Functional Area Permissions
Functional area security determines which of the five functional areas on the Master Data Manager home page a user or group can access. Security at this level is either permitted or denied. If permission to access a specific functional area is denied, the area is not displayed in the web UI and related web service operations are denied.
The Explorer functional area is where users manage data. When you assign access to Explorer, you must assign access to specific model objects, so the user gets access to a specific set of data. When you assign access to any of the other functional areas, the user must have access to the entire model (on the Models tab) in order to use those areas. Without this access, the user can open the functional areas, but no models are displayed. This is how MDS handles permission for Administrators.
Model Object Permissions
Model object permissions, assigned on the Models tab, are required. Users cannot view any models or data if they do not have model object permissions.
When you give users permission to model objects, you are giving them the ability to edit attributes for members, based on the object you select. For example, if you set Update permission on the Product entity, all attributes for all Product members (leaf and consolidated) can be updated. If you set Update on the Color attribute of the Product entity, only the Color attribute can be updated.
In addition to giving a user the ability to update attribute values, if you assign Update model object permissions to a model, entity, or to the word “Leaf” or “Consolidated,” the user can also create and delete members. If permissions are assigned at a lower level, the user cannot create and delete members.
Note: Permissions automatically cascade to all child objects within the current model unless permissions are assigned at a lower level. You do not need to explicitly set permission on every object.
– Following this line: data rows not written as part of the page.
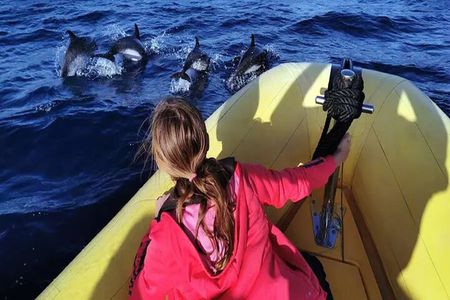 Marine Safari Dolphins in their natural habitat
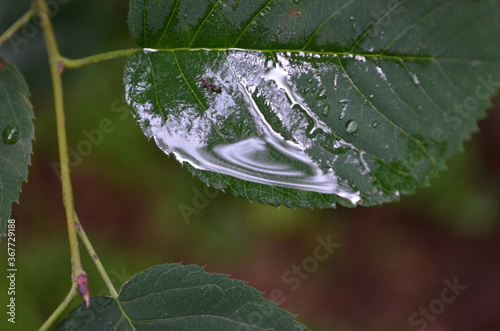 Green leaves with a wtaerdrop reflectiong a c loudy sky. 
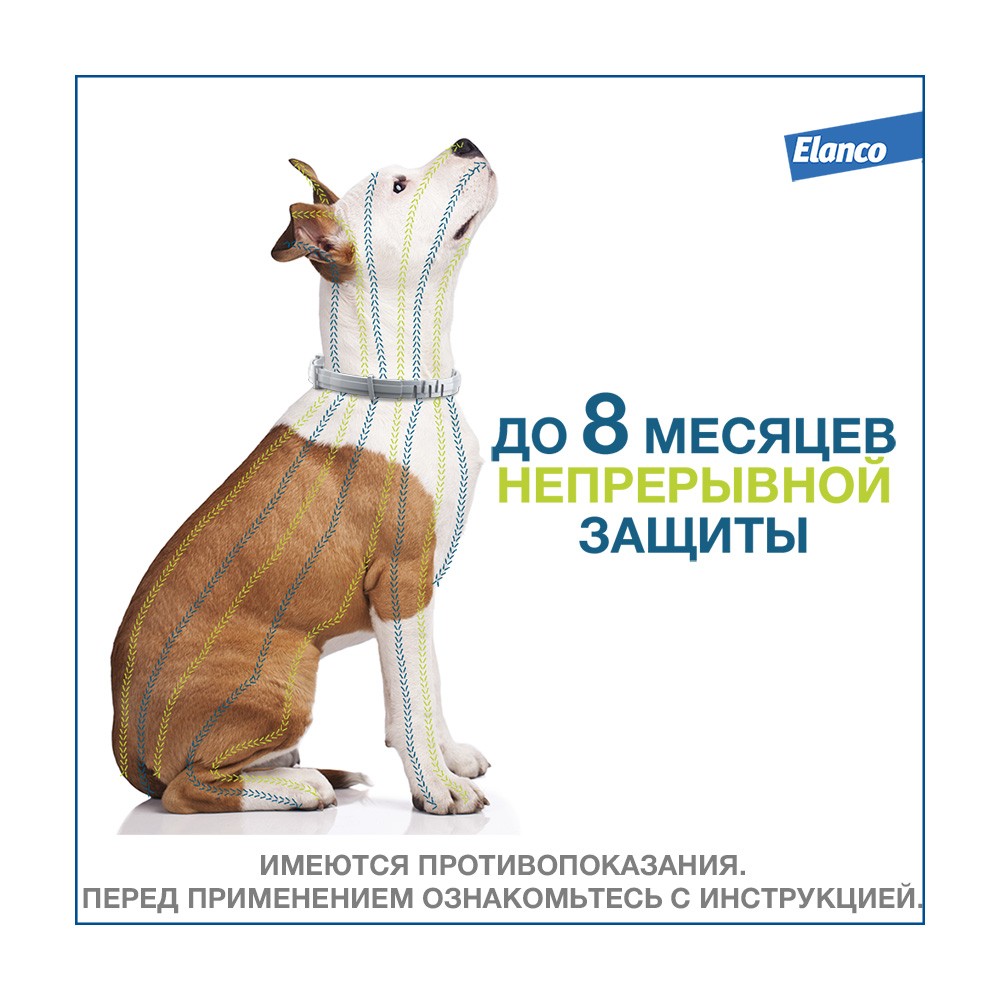 10 лучших ошейников от клещей и блох для котов: отзывы, характеристики, цены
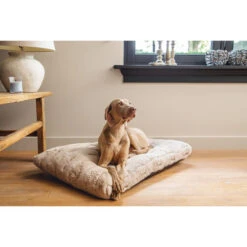 Designed By Lotte Xanti Hundekissen -Heimtierbedarf Geschäft designed by lotte xanti hondenkussen 188124 0500 none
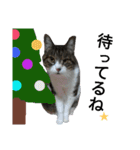 ロンのクリスマス（個別スタンプ：8）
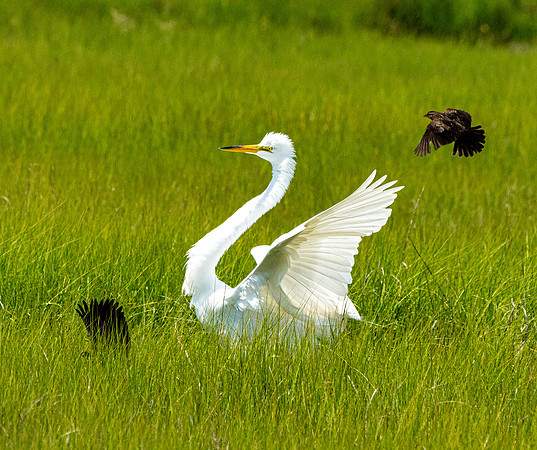 GrHeron Oceanside_0108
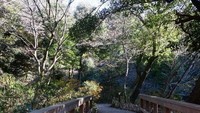 Jembatan di Shinjuku gyoen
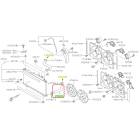 Subaru OEM Radiator Hose - Outlet (20-25 Legacy - 25D)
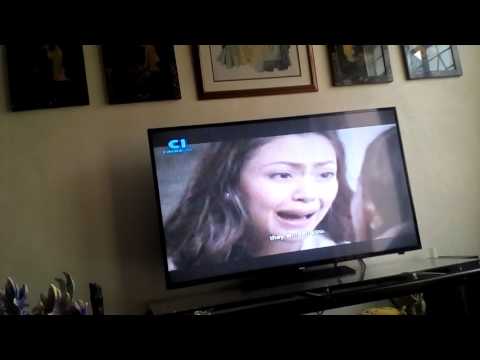 Maria leonora terresa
If you assign Update model object permissions to the model only, the user is an administrator, which means he or she can access the model in functional areas other than just Explorer if given to access to that functional area.
Quick Facts About Model Object Permissions
Things to remember about model object permissions include the following:
- They are required.
- They determine which attributes a user can view or update (as opposed to which members).
- They apply to all lower-level objects unless another permission is explicitly assigned.
- Update permission to Leaf or Consolidated model objects and above gives users the ability to create and delete members.
- Update permission at just the model level makes the user an administrator.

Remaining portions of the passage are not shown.